Ethereum Classic was split from another cryptocurrency called Ethereum. Ethereum Classic was launched to support smart contracts to run as programmed without the interference of a third-party.
How and Why was Ethereum Classic Created
The reason why Ethereum Classic (ETC) split from Ethereum (ETH) was that some members of the Ethereum community rejected the hard fork proposition on the ground that it was immutable.
Ethereum community did not know how to handle the problem of Decentralized Autonomous Organization popularly called DAO. Ethereum foundation created a venture capital called “DAO” in 2016. In less than a year, the Decentralized Autonomous Organization raised over $168 million that was meant to go to the development of smart contracts. The money was planned for smart contract development because most of the community members had seen that the emergence of Decentralized Autonomous Organization will surely help smart contracts reach its full potential.
In that same year, a paper was released by the Ethereum Foundation development team citing the vulnerabilities of the DAO system, the paper clearly stated that the money on the Decentralized Autonomous Organization could be stolen if something is not done. True to its word, in less than a year DAO was hacked and about 3.6 million Ether which was equivalent to $50 million was transferred from accounts’ of users’ to the hackers account. Smart contracts had this principle or rule that invested funds could not be removed until the 28th day. Because of that reason, the hacker could not withdraw the funds rather it was stored on DAO’s child account. Since the stolen money was still in the DAO child account, some Ethereum community members suggested they roll back the blockchain, so that the stolen Ether could be returned to the accounts’ it was stolen from. On the other hand, some suggested that rolling back the blockchain will violate the immutability and code of law of the blockchain.

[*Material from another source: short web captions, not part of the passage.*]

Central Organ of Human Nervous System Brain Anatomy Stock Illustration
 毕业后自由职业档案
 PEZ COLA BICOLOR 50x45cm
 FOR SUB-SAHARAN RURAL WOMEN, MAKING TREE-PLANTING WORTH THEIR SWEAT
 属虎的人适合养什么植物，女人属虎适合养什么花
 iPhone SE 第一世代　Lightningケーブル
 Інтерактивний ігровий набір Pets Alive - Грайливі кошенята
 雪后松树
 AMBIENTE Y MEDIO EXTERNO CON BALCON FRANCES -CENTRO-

The hard fork was implemented, the second group of community members that suggested that they not implement the hard fork or roll back on the blockchain continued to use the Ethereum that the blockchain was not rolled back. This was then known as Ethereum Classic.
Main Features of Ethereum Classic
- Gas: this is a mechanism that supports internal transaction pricing in the Ethereum Classic network. This mechanism is also used to prevent spam in the network and it handles allocation of resources to the incentive offered by the request.
- Die Hard: after the soft fork, this was the next system Ethereum Classic embraced. Although this system delayed the move of the Ethereum Classic network from proof of work to proof of stake, it was created to prevent transactions on the Ethereum to be adopted on the Ethereum Classic. It also made the mining of coins on the network more difficult.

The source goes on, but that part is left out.